[JURIST] The US Supreme Court [official website; JURIST news archive] on Tuesday ruled [opinion, PDF] unanimously in Astra USA v. Santa Clara County, CA [Cornell LII backgrounder] that health care providers that are third-party beneficiaries of a government contract may not sue drug companies for overpricing under federal law. The issue was whether health care providers who qualify for reduced-price drugs under § 340B of the Public Health Services Act [42 USC § 256b] could sue for a violation of an agreement between the federal government and drug manufacturers when they lack federal statutory authority to bring the action. Under the act, drug manufacturers must enter into contracts with the federal government that restrict the price that those manufacturers can charge to providers through the Medicaid system.
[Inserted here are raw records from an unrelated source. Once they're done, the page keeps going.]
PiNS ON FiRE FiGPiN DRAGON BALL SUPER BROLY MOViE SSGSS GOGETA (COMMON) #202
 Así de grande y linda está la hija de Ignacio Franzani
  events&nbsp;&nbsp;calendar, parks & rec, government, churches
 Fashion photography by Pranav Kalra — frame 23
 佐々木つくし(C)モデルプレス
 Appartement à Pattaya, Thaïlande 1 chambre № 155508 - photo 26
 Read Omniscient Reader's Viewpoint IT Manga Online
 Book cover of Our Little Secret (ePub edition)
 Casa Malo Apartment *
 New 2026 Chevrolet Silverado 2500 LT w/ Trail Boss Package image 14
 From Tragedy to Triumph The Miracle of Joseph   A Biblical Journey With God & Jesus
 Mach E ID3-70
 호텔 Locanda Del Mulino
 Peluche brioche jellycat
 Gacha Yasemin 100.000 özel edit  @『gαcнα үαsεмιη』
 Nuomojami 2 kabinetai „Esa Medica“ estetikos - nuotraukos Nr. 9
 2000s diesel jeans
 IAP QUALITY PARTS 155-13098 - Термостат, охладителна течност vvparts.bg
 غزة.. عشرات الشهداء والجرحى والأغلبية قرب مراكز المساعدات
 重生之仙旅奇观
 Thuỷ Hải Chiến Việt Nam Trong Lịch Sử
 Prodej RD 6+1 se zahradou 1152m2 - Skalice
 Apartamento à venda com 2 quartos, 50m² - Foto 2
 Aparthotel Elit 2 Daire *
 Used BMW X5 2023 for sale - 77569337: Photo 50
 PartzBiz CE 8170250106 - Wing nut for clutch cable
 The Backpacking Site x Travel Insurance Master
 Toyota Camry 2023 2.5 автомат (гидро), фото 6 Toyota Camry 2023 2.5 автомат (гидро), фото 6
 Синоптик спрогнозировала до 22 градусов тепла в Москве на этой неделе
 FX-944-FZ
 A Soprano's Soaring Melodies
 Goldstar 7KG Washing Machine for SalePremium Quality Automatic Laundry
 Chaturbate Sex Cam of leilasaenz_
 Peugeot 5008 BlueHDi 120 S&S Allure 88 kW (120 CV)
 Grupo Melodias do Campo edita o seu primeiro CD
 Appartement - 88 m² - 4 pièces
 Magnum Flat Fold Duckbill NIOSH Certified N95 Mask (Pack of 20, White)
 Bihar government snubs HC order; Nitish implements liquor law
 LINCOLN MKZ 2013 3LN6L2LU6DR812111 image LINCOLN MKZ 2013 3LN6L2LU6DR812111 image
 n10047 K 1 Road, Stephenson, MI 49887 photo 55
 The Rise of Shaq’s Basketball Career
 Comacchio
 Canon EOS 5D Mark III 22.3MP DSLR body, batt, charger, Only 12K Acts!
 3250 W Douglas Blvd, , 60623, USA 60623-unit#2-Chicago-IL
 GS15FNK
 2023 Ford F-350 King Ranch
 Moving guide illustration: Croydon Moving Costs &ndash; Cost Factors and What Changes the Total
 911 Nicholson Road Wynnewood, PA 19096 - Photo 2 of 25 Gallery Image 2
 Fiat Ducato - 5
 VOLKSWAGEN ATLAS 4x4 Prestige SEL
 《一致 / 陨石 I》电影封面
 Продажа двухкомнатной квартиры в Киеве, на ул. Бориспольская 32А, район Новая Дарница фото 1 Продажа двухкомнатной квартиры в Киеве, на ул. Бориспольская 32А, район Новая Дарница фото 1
The statute is silent on the topic of a private cause of action, but the US Court of Appeals for the Ninth Circuit held [opinion, PDF] that federal common law does in fact provide a cause of action under contract law where a third party beneficiary is injured by the drug manufacturer’s breach. In an opinion by Justice Ruth Bader Ginsburg, the court rejected the Ninth Circuit’s reasoning that third-party suits would spread the enforcement burden:
But spreading the enforcement burden is hardly what Congress contemplated when it made HHS administrator of the interdependent Medicaid Rebate Program and 340B Program. Suits by 340B entities would undermine the agency’s efforts to administer these two programs harmoniously and uniformly. Notably, the Medicaid Rebate Program’s statute prohibits HHS from disclosing pricing information that could reveal the prices a manufacturer charges for its drugs. Had Congress meant to leave open the prospect of third-party beneficiary suits by 340B entities, it likely would not have barred them from obtaining the very information necessary to determine whether their asserted rights have been violated.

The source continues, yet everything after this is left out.